● **REQUIREMENT**: Your task is to copy the records that follow exactly, minus any images.

• • • • • • •

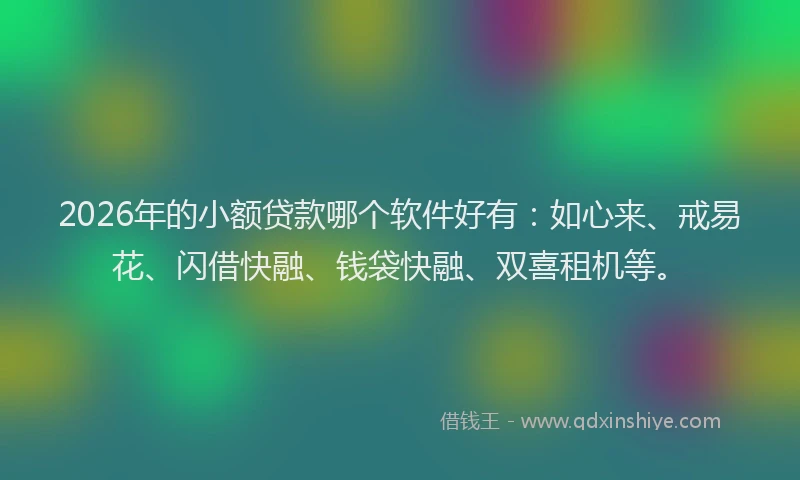 2026年的小额贷款哪个软件好有：如心来、戒易花、闪借快融、钱袋快融、双喜租机等。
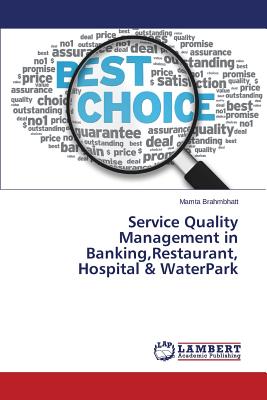 Service Quality Management in Banking,Restaurant, Hospital & WaterPark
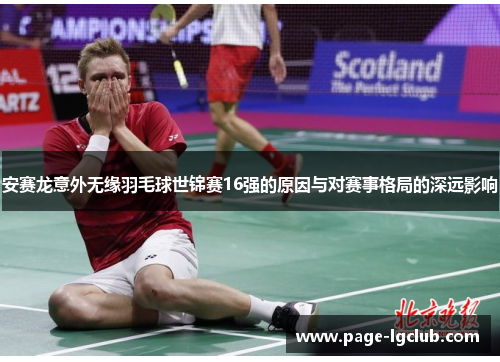安赛龙意外无缘羽毛球世锦赛16强的原因与对赛事格局的深远影响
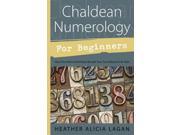 Chaldean Numerology for Beginners How Your Name Birthday Reveal Your True Nature Life Path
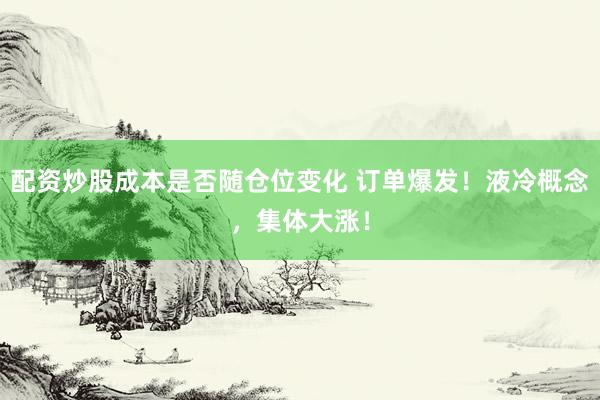 配资炒股成本是否随仓位变化 订单爆发！液冷概念，集体大涨！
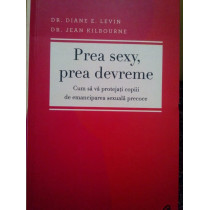 Prea sexy, prea devreme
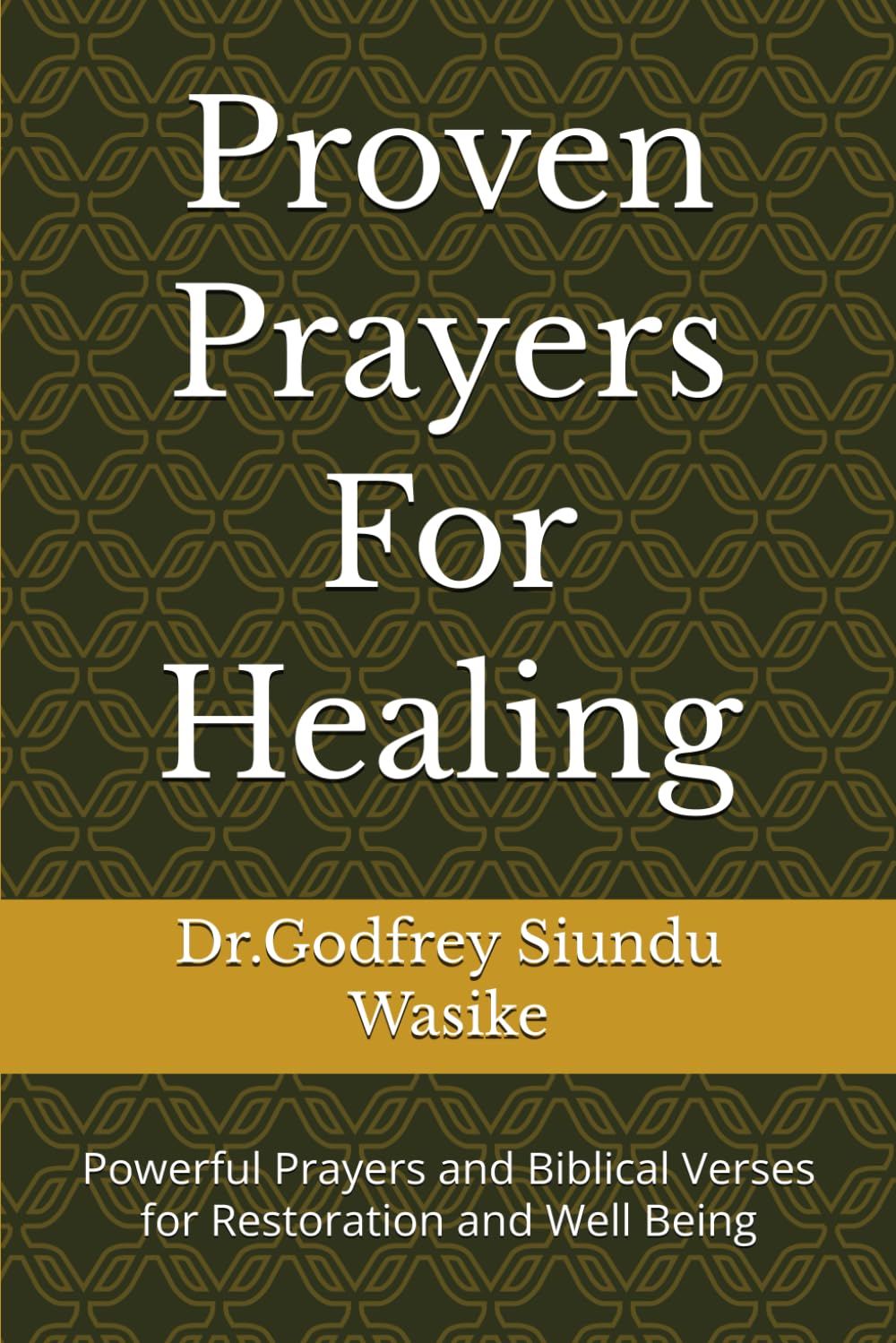 Proven Prayers For Healing: Powerful Prayers and Biblical Verses foe Restoration and Well Being
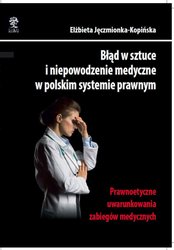 : Błąd w sztuce i niepowodzenie medyczne w polskim systemie prawnym. Prawnoetyczne uwarunkowania zabiegów medycznych - ebook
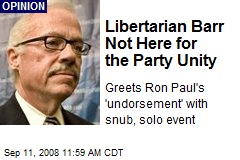 Libertarian Barr Not Here for the Party Unity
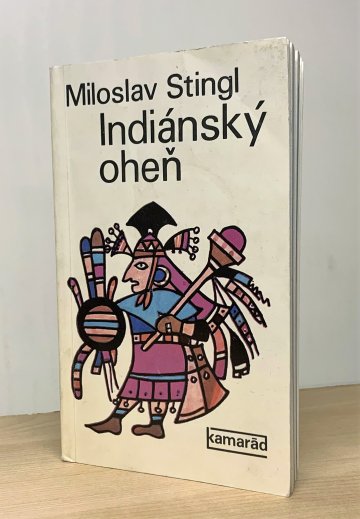 Indiánský oheň, Miloslav Stingl (1977)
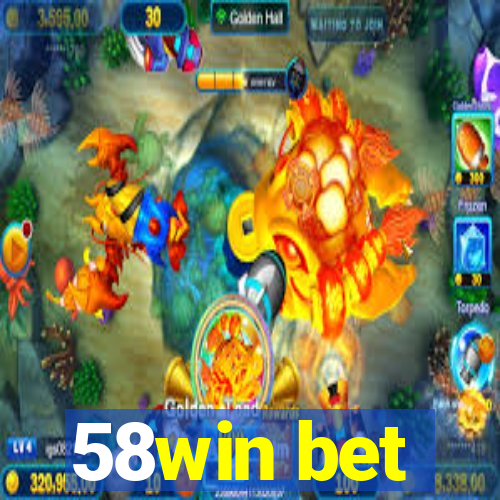 58win bet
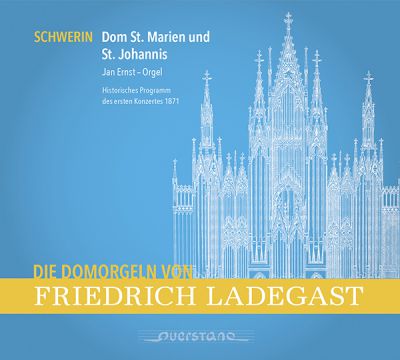 Die Domorgeln von Friedrich Ladegast - Schwerin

• • • • • • •

● **RESPONSE TO THE TASK**:
 2026年的小额贷款哪个软件好有：如心来、戒易花、闪借快融、钱袋快融、双喜租机等。
 Service Quality Management in Banking,Restaurant, Hospital & WaterPark
安赛龙意外无缘羽毛球世锦赛16强的原因与对赛事格局的深远影响
 Chaldean Numerology for Beginners How Your Name Birthday Reveal Your True Nature Life Path
 配资炒股成本是否随仓位变化 订单爆发！液冷概念，集体大涨！
 Prea sexy, prea devreme
 Proven Prayers For Healing: Powerful Prayers and Biblical Verses foe Restoration and Well Being
 : Błąd w sztuce i niepowodzenie medyczne w polskim systemie prawnym. Prawnoetyczne uwarunkowania zabiegów medycznych - ebook
 Libertarian Barr Not Here for the Party Unity
 Indiánský oheň, Miloslav Stingl (1977)
 58win bet
 Die Domorgeln von Friedrich Ladegast - Schwerin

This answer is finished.